1 Introduction

Defects in precious wood logs are one of the most important cause of big economic loss in wood industries, producing also unnecessary carbon footprints. Meccanica del Sarca S.p.A., an Italian company that deals with the mechanical process of precious wood logs, estimated that they lost about 405K Euro in 2017, 430 K Euro in 2018, and 424 K Euro in 2019 due to wood waste. Usually, the log production process starts with an operator that inspects the external surface of a log searching for, or predicting, internal defects. On the one hand, the inspection of the log surface may not provide enough evidence to suggest the presence of internal defects. On the other hand, a visible defect on the log surface may suggest to discard the whole wood log despite being undamaged internally. The two main factors that lead to the economic loss are the incorrect classification of defected logs (i.e. material waste) and the late identification of defects during the production process (i.e. time waste). Therefore, the need for a automated system to accurately detect defects in the early stage of the log production process is key. If a defect is detected in the early production stage, it is possible to optimally plan the sawing operations in order to avoid defects and to minimise waste.

Fig. 1.
figure 1

Current wood log processing pipeline. Top row: previous Meccanica del Sarca S.p.A.’s pipeline where defects were found manually by experts that visually inspected the external surface of the wood logs before and after their mechanical processing. Bottom row: current wood processing pipeline where internal parts of the logs are acquired through Computed Tomography and the defect detection is performed automatically using our deep-learning based algorithm. Data flow is represented by blue arrows. (Color figure online)
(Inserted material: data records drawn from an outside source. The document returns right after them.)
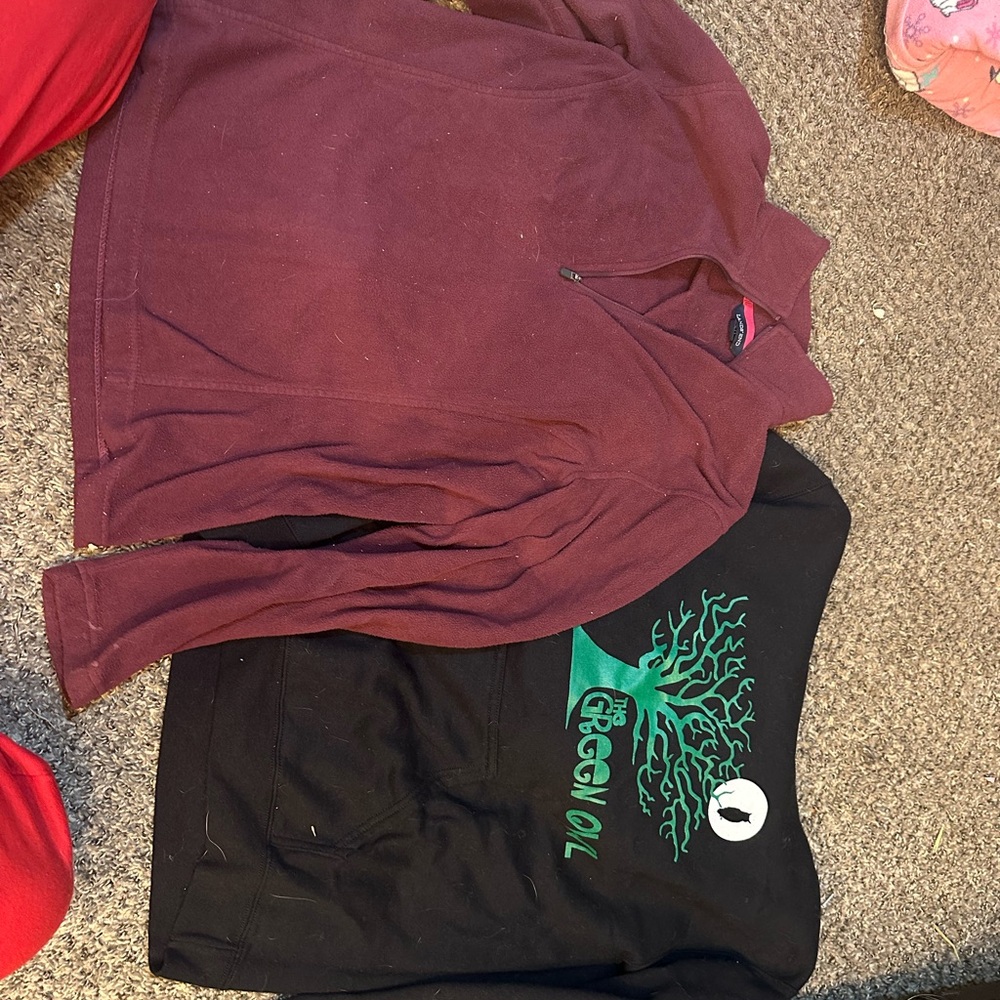 Maroon Quarter-Zip Pullover and Black Graphic Hoodie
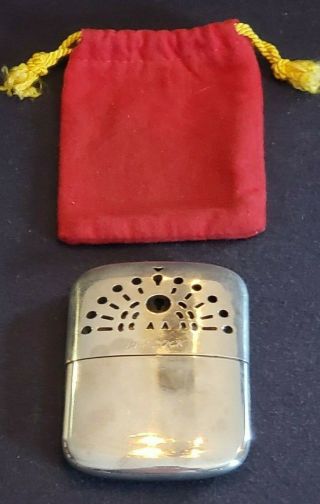 Vintage Peacock Standard Hand Warmer W/ Red Sachet Case Made In Japan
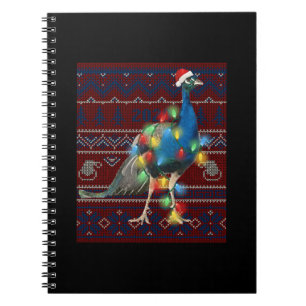Peacock Christmas Lights Ugly Sweater Goat Lover Notebook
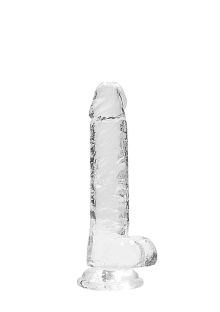 Dildo z Przyssawką i Jądrami Crystal Clear Realrock 18cm Przeźroczysty 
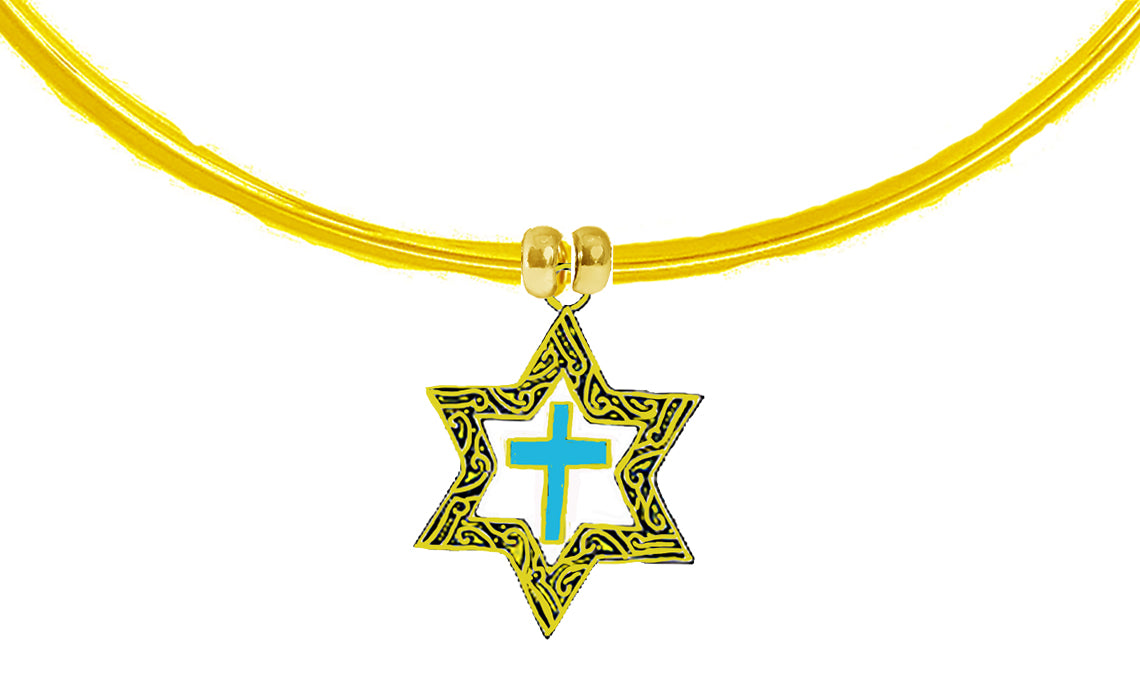 Messianic 14KT Goldtone Antique Star Of David With A Turquoise Cross "Choker" Necklace. Will Fit Everyone. What A Wonderful Gift For Yourself, Or Someone Special. Gift Ready Comes In A Small Black Velvet Bag.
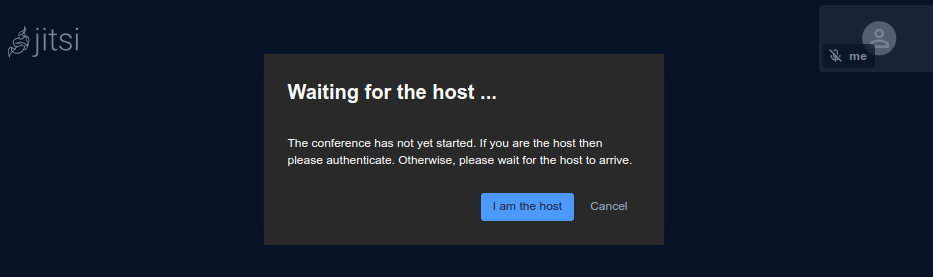 jitsi meet waiting for the host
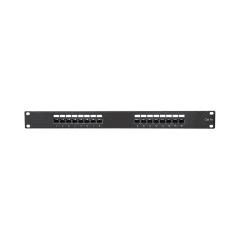 Masterlan patch panel 19", 16xRJ45, Cat5e, 1U, with tie bar, black
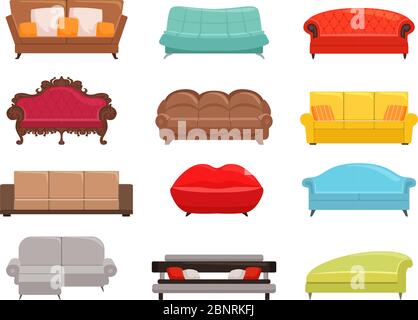Sofa collection. Comfortable couch and sofa-bed set, interior fashion sofas furniture, house modern canaps vector colored illustration Stock Vector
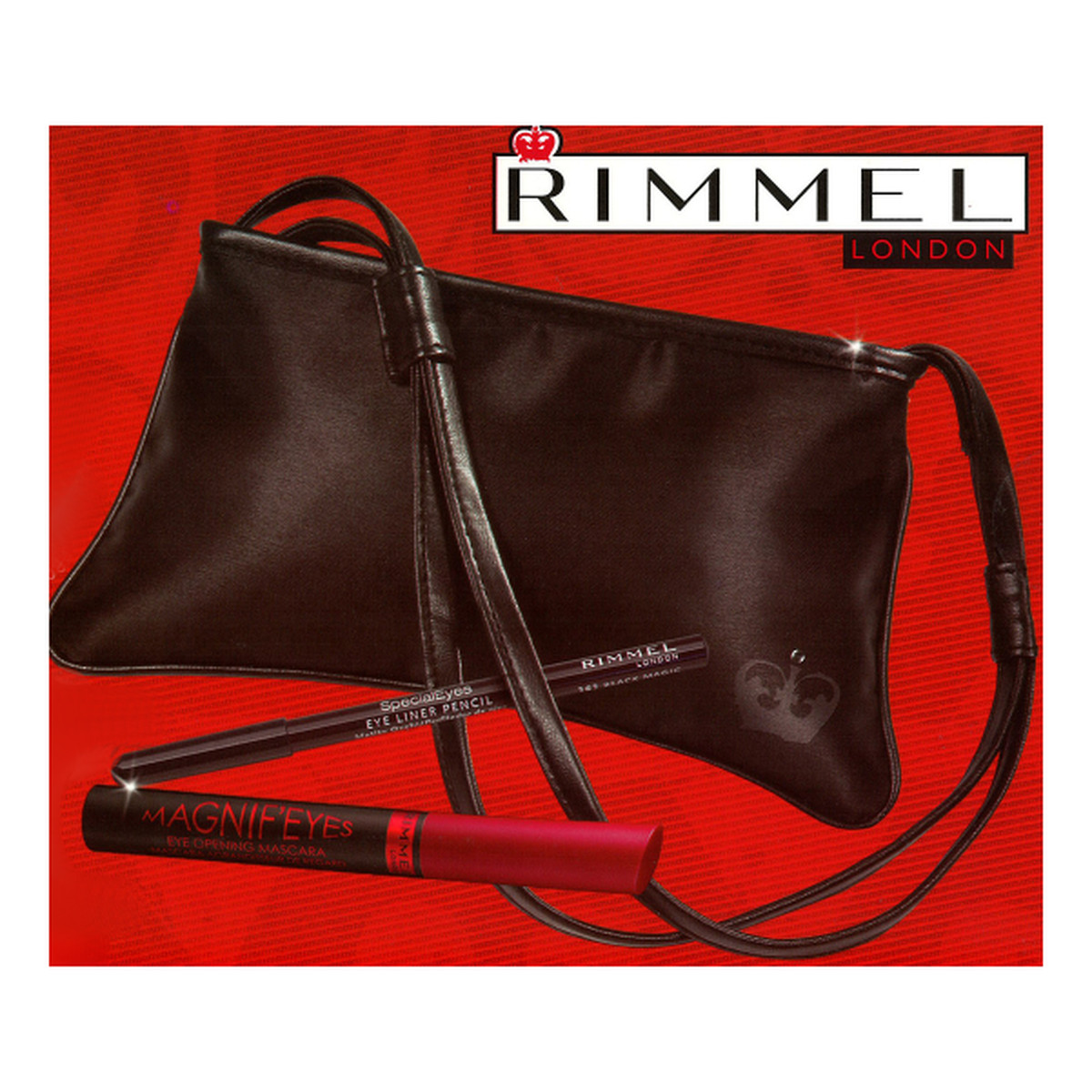 Rimmel Zestaw Tusz Magnif`Eyes & Kredka Do Oczu & Torebka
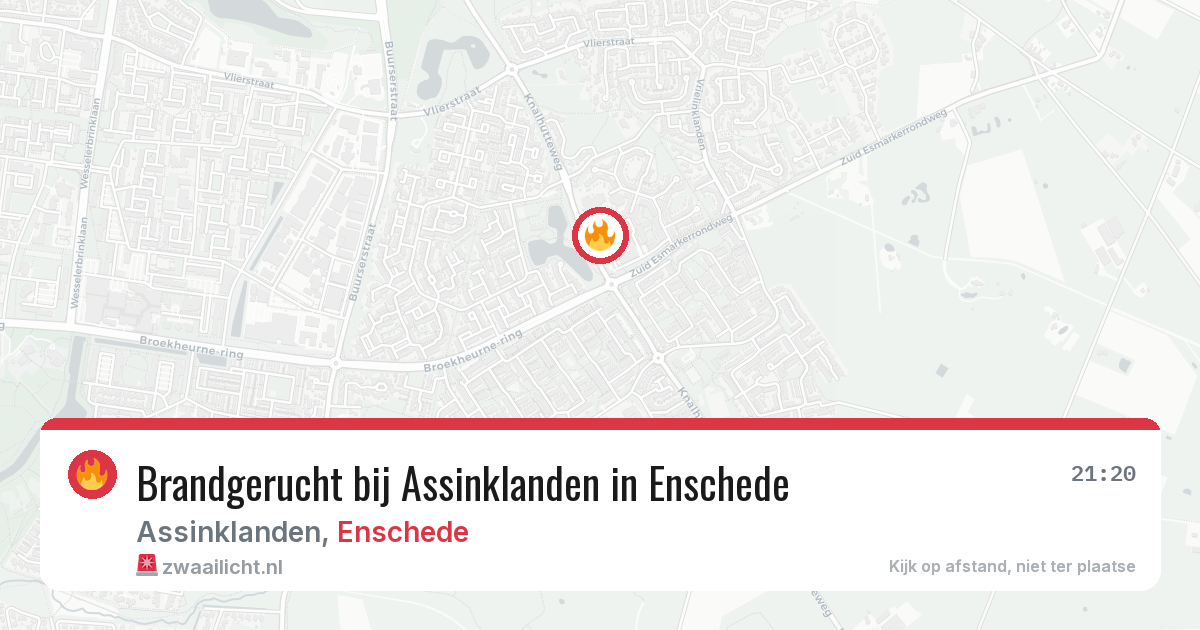 Brandgerucht bij Assinklanden in Enschede — 31 mei 2026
Wood log interiors can also be analysed using Computed Tomography (CT) [7] (Fig. 1). CT produces a set of image slices that are typically used by operators to verify the presence of defects. This job is laborious and in certain circumstances not well defined. There is wide scope for subjective interpretation of what a defect is, which may lead to annotation mistakes. Elements of ambiguity may be related to the management of adjacent defects. There can be regions containing several small and spread defects, that for some experts it could be regarded as a single defect. The concept of proximity, considering the difficulty in defining defect boundaries, can be subjective.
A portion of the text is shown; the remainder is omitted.